Yeni araştırmalar, son birkaç yılda dünya çapında meydana gelen en şiddetli hava olaylarından bazılarının iklim krizi nedeniyle çok daha olası hale geldiğini ortaya koydu.
2021 ve 2022’deki aşırı olayların analizi, bu aşırılıkların çoğunun küresel ısınma nedeniyle daha da kötüleştiğini ve insanlar fosil yakıtları yakarak iklimi değiştirmemiş olsaydı, bazı durumlarda hava olaylarının şiddetinin bu noktalara çıkamayacağını ortaya koydu.
ABD Ulusal Okyanus ve Atmosfer İdaresi’nden (NOAA) iklim bilimci Stephanie Herring, “Bu olayların aşırı doğası çok endişe verici. Bunların, işlerin beklediğimizden daha hızlı kızıştığına dair işaretler olup olmadığını anlamamız gerekiyor. Aşırı sıcakların daha da kötüye gideceğini biliyoruz ve ek araştırmalar, gelecekteki değişimi daha iyi ölçmemize yardımcı olacak” dedi.
İklim değişikliğinin parmak izi, gezegen genelinde tespit ediliyor. Kaliforniya ve Nevada’da aşırı kuraklık riski, Ekim 2020’den Eylül 2021’e kadar iklim krizi ve güçlü bir periyodik La Niña iklim olayı nedeniyle altı kat daha kötü hale geldi.
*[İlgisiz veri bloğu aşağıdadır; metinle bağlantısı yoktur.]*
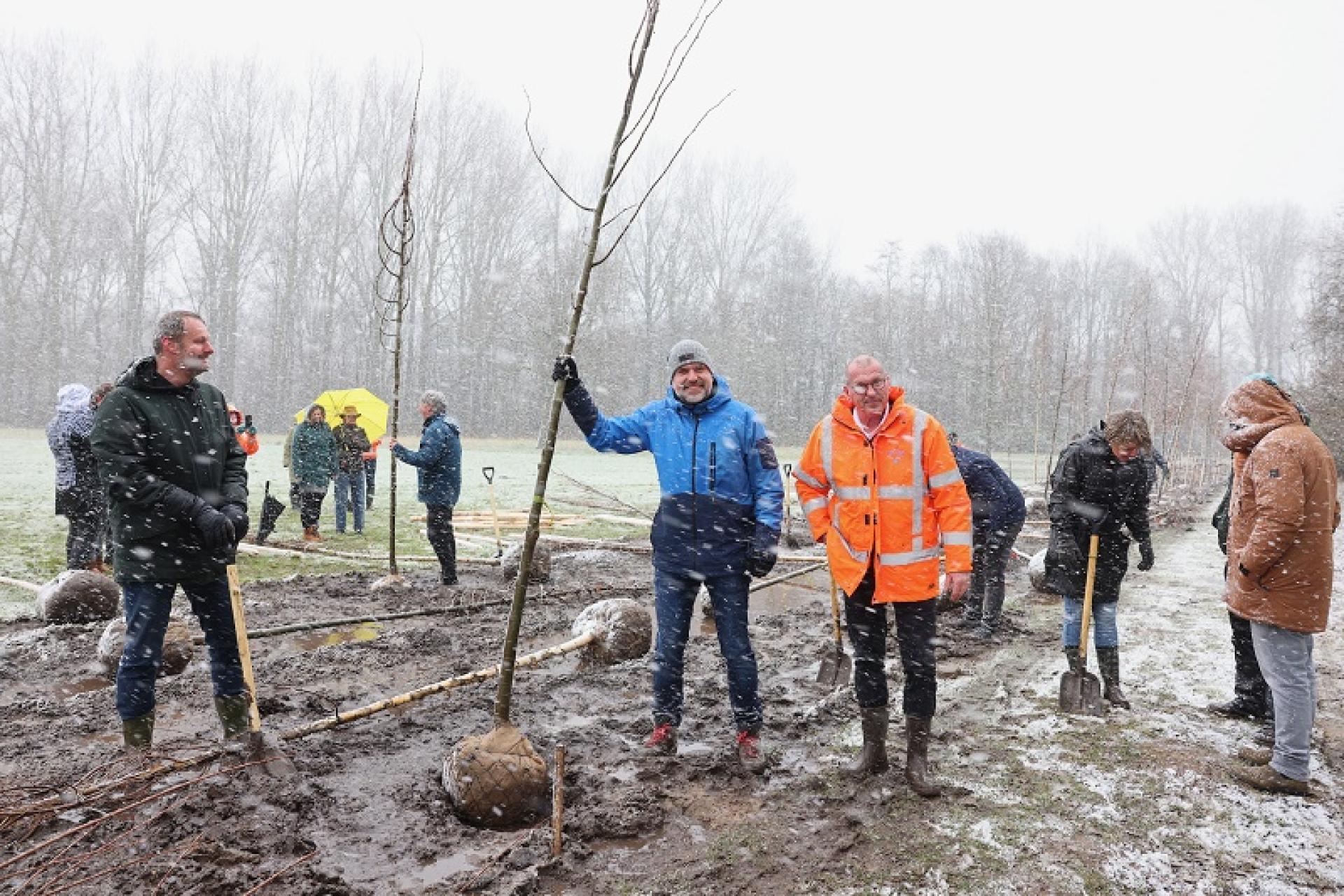 wethouder jeroen verwoort trotseert samen met enkele initiatiefnemers de sneeuw tijdens het planten van een boom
Mayıs 2021’de Birleşik Krallık’ın bazı bölgelerini sular altında bırakan aşırı yağış, küresel ısınma nedeniyle 1,5 kat daha olası hale geldi.
Şubat 2021’de Çin’de şiddetli bir sıcaklık dönemi, insan kaynaklı iklim değişikliği nedeniyle dört ila 20 kat daha olası hale gelirken, İran’da 2021’de yaşadığı akut kuraklık, insanlığın seragazları nedeniyle şimdi %50 daha olası.
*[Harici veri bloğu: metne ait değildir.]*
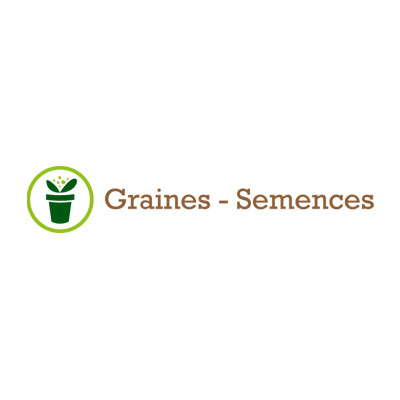 Stratégie digitale de Graines - Semences, par E-net Business
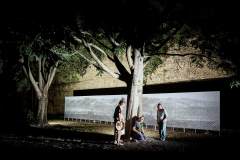 AVIGNON_79_2025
2021’de Güney Afrika’nın Cape Town kentinde tehlikeli bir orman yangınına neden olan hava durumu da dahil olmak üzere, diğer ciddi etkilerin bir kısmı, iklim krizinin etkisine atfedilebilir.
NOAA tarafından Pazartesi günü düzenlenen bir konferansta sunulan araştırma özeti, bilim insanlarının insan kaynaklı iklim değişikliğinin bireysel hava olayları ve felaketler üzerindeki etkisini belirlemeyi başardıkları bu en son iklim atıf örneklerinden bazılarını bir araya getiriyor.
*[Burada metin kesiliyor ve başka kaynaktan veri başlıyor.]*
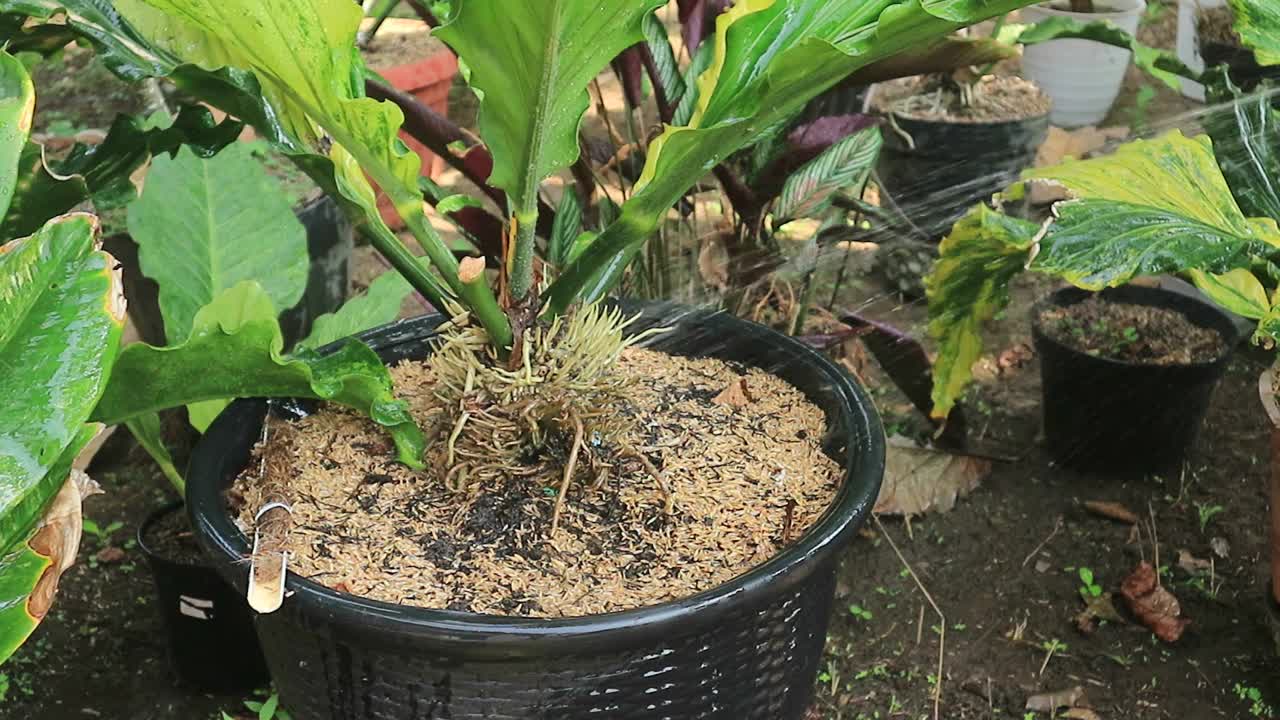 手握花园软管，浇灌绿色的花园。给院子里的植物浇水视频下载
Tarihsel gözlemlerin yanı sıra giderek daha güçlü hale gelen iklim modellerini kullanan bilim insanları, artık iklim krizinin belirli felaketler üzerindeki etkisinin daha kesin ve hızlı bir şekilde değerlendirilmesini sağlayabiliyor.
Herring, şu anda görülen sıcaklıkların çoğunun herhangi bir modern tarihi normun çok ötesinde olduğu ve insanlığı yeni, tehlikeli bir duruma ittiği konusunda uyardı. Örneğin, Ekim 2021’de Güney Kore’de meydana gelen bir sıcak hava dalgası o kadar sertti ki yalnızca 6250 yılda bir meydana gelen bir olay olarak kabul edilebilirdi.
Ancak iklim modelleri, gezegeni ısıtan gazlar radikal bir şekilde kesilmediği takdirde bunun 2060 yılına kadar Güney Kore için yeni normal haline geleceğini öngörüyor.
Aynı kader, 2021’de kavurucu sıcak hava dalgası nedeniyle yaklaşık 600 kişinin öldüğü ABD’nin Kuzey-Batı Pasifik bölgesini de bekleyebilir. Başka bir araştırma, iklim krizinin sıcak hava dalgasını 43 kat daha olası hale getirdiğini buldu.
Amerikan Meteoroloji Derneği’nin yönetici direktörü Paul Higgins, “İnsan kaynaklı iklim değişikliği, dünyadaki sisteminin aşırı bozulmasının bir sonucu. Bu yeni araştırmanın göstermeye yardımcı olduğu gibi, aşırı olaylara daha çok yol açmasını beklemeliyiz. Bu tehlikeye rağmen insanlara ve tüm canlılara yardım etmek için elimizden geleni yapmalıyız” dedi.